Что же влекло часть зарубежных церковников на путь самочинной автокефалии? Страх перед прещениями со стороны церковной власти, о чем Св. Патриархом было заявлено открыто. О боязни отрешения ясно говорится в "Заключениях", принятых В.М.С. к руководству и исполнению. Провозглашение автокефалии и требование апробации патриарших указов Карловацким Синодом вели к одному и тому же: к фактической автокефалии. Декларативная часть автокефалии была несущественна - это во первых, а во вторых, на пути к ней было встречено значительное препятствие в поведении единственного полномочного в Западной Европе русского епископа: митрополита Евлогия. Штурм его не удался, решили испробовать обходное движение, а пока повременить с объявлением своей собственной автокефалии.
Отчужденность Карловацкой группы архиереев особенно сильно выявилась в безрассудно-дерзком по отношению к Св. Патриарху, и совершенно несправедливом, по существу, утверждении Карловацкого Синода, предположившего со стороны первоиерарха действия, роняющие достоинство церкви. Ясно, что моральные связи в это время были утрачены. Св. Патриарх Тихон перестал для них быть "господином и отцом", а они уже больше не имели к нему сыновнего послушания.
Идя путем заговора вплоть до присвоения себе функций Всероссийской власти, Карловацкие архиереи стремились обеспечить себя от мер воздействия со стороны иерарха, начальствующего в Русской церкви.
Оставляя в стороне вопрос о возможности установления зарубежной автокефалии, мы с особой силой должны подчеркнуть беззаконность путей, которыми шли к автокефалии и преступность целей, ради которых к ней стремились. Все это вскрывает наличность элементов татьбы и разбоя в поведении явных и тайных автокефалистов.

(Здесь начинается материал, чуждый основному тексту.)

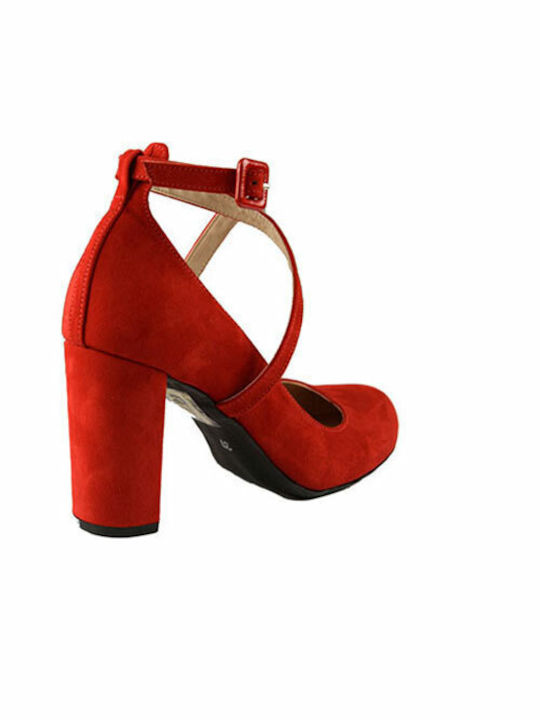 Smart Cronos Pumps mit Chunky hohem Absatz Rot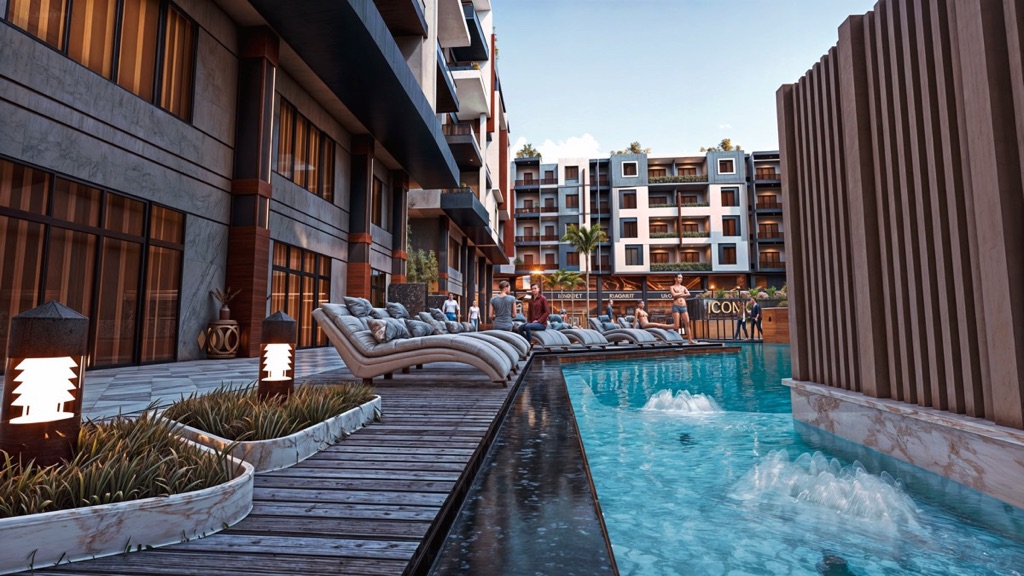 Iconic Resort Hurghada – pool edge and shaded residential walkway, developer render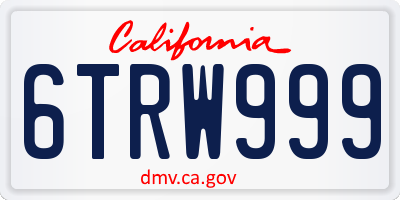 CA license plate 6TRW999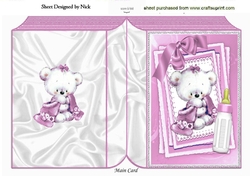 Cute little white bear with pink bow and bottle on stacker and lace folded book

Поэтому, в наши дни имеет полный смысл призыв митрополита Фотия, обращаемый некогда к части русской паствы. "Научились от нее (Христовой церкви), писал названный святитель, иметь единого первосвятителя, и как научились, так и сохраните это до конца веков"". Тот же святитель внушает верным не удивляться, если _"пастыри по виду бывают хуже волков"_и проникают во двор овчий не дверью священных правил, а путем необычным "по своему желанию".

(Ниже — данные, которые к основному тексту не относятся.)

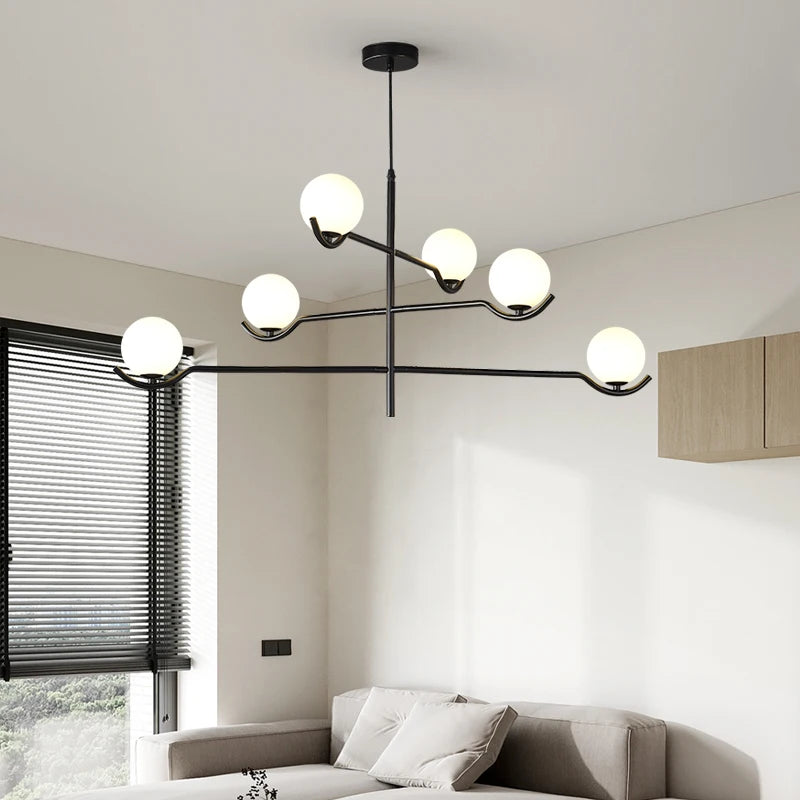 lustre design moderne en verre et métal luminaires suspendus - vue 4 sur 9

Нужно ли после всего, что мы наблюдали в церковной жизни 1924 г. за рубежом, доказывать, что Карловацкие руководители и их вдохновители шли необычным путем и, конечно, по своему желанию. А потому призыв митрополита Фотия "не прельщаться злодейством и лукавством их" обращен и к нам, переживающим тяжелые годы церковной смуты.

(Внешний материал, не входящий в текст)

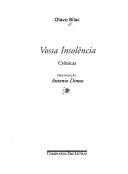 Cover of: Vossa insolência: crônicas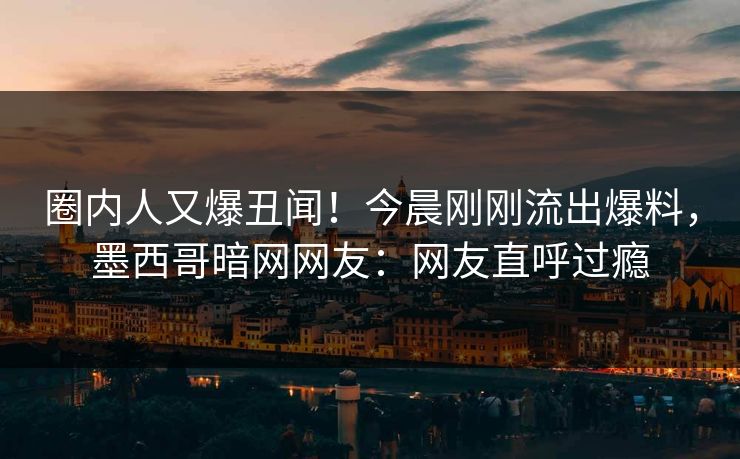 圈内人又爆丑闻！今晨刚刚流出爆料，墨西哥暗网网友：网友直呼过瘾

3 Патриаршее послание, от 28 июня 1923 г.. Известия, 1923, июнь 29. 4 Послание мит. Евлогия, имеется отдельный экземпляр; заметка мит. Антония: Ц. В., 1923, № 13-14, стр. 9. 5 Протоколы епископского совещания не опубликованы, но имеются у автора в копиях, заверенных секретарем, г. Махараблидзе
. 6 См. Сборник указов Св. Патриарха Тихона. В конце напечатано послание арх. Серафима Углицкого. 7 "Заключение" В. М. Совета напечатаны в газете Возрождение, 1926, № 466. 8 Послание мит. Фотия (1415-1416 гг.) Р. И. Б. VI, стр. 320.
1 Вестник Св. Синода (Обновленческого) 1926, № 6, стр. 14.2 Грамота Св. Патриарха Тихона, Ц. В., 1925, № 7-8, стр. 2 и сл.